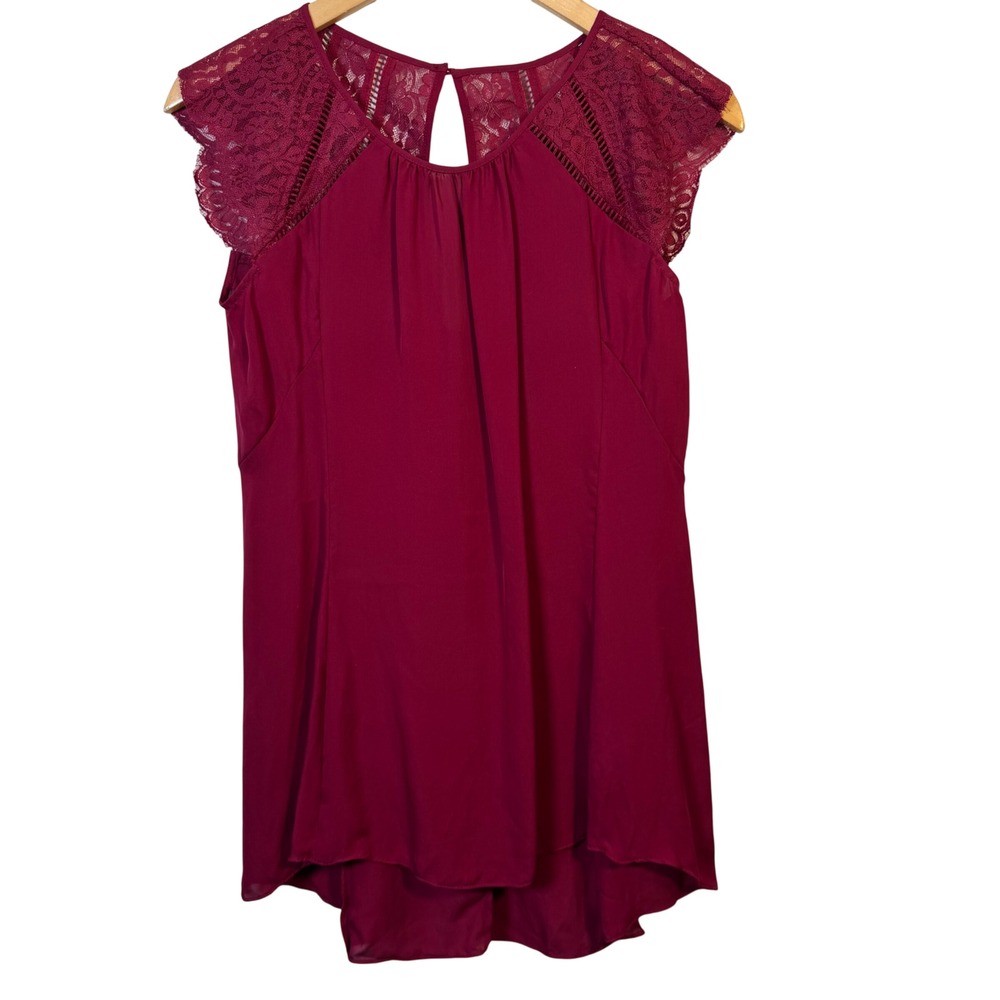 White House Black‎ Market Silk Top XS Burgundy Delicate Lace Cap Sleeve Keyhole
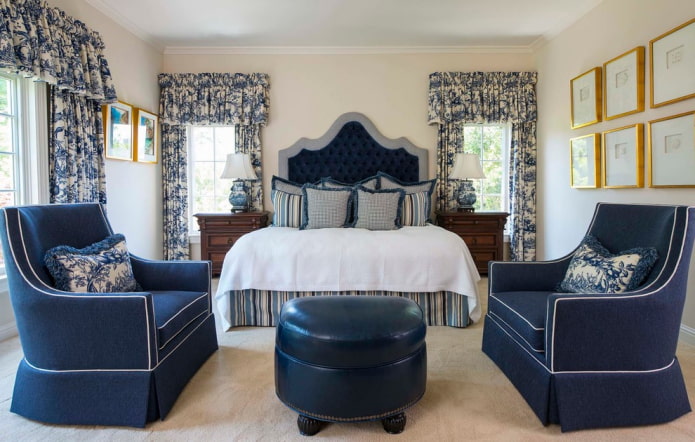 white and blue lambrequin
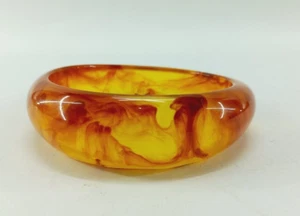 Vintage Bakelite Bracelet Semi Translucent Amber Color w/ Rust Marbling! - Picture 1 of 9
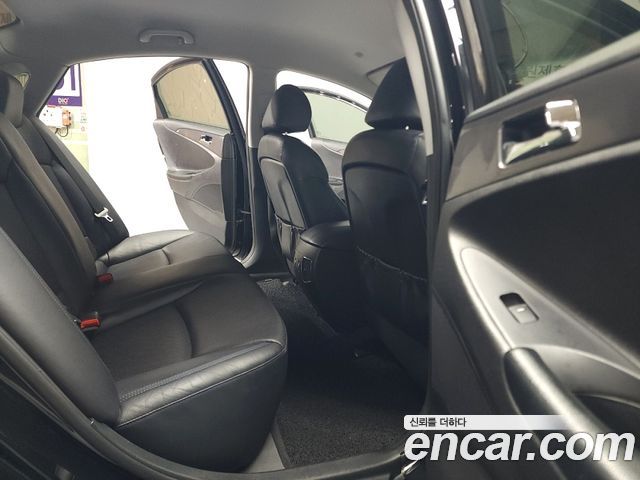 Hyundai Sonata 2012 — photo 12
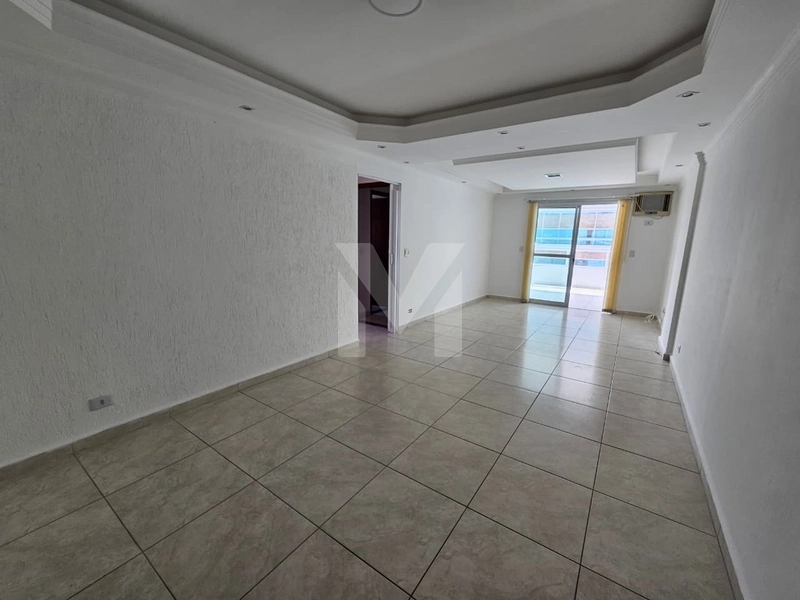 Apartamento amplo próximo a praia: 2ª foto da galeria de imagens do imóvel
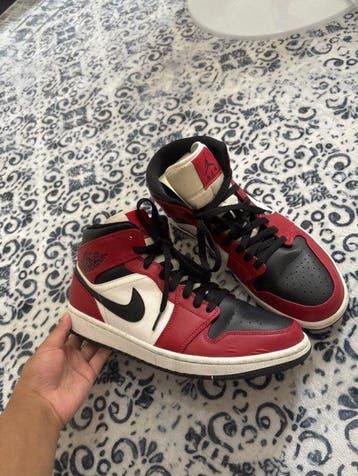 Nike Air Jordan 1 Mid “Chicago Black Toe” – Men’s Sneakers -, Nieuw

* * * *

▶ **TASK ITEM**: The data above must be written out again word for word, without its pictures.

▶ **SOLUTION TO THE EXERCISE**:
 White House Black‎ Market Silk Top XS Burgundy Delicate Lace Cap Sleeve Keyhole
 white and blue lambrequin
 Vintage Bakelite Bracelet Semi Translucent Amber Color w/ Rust Marbling! - Picture 1 of 9
 Hyundai Sonata 2012 — photo 12
 Apartamento amplo próximo a praia: 2ª foto da galeria de imagens do imóvel
 Nike Air Jordan 1 Mid “Chicago Black Toe” – Men’s Sneakers -, Nieuw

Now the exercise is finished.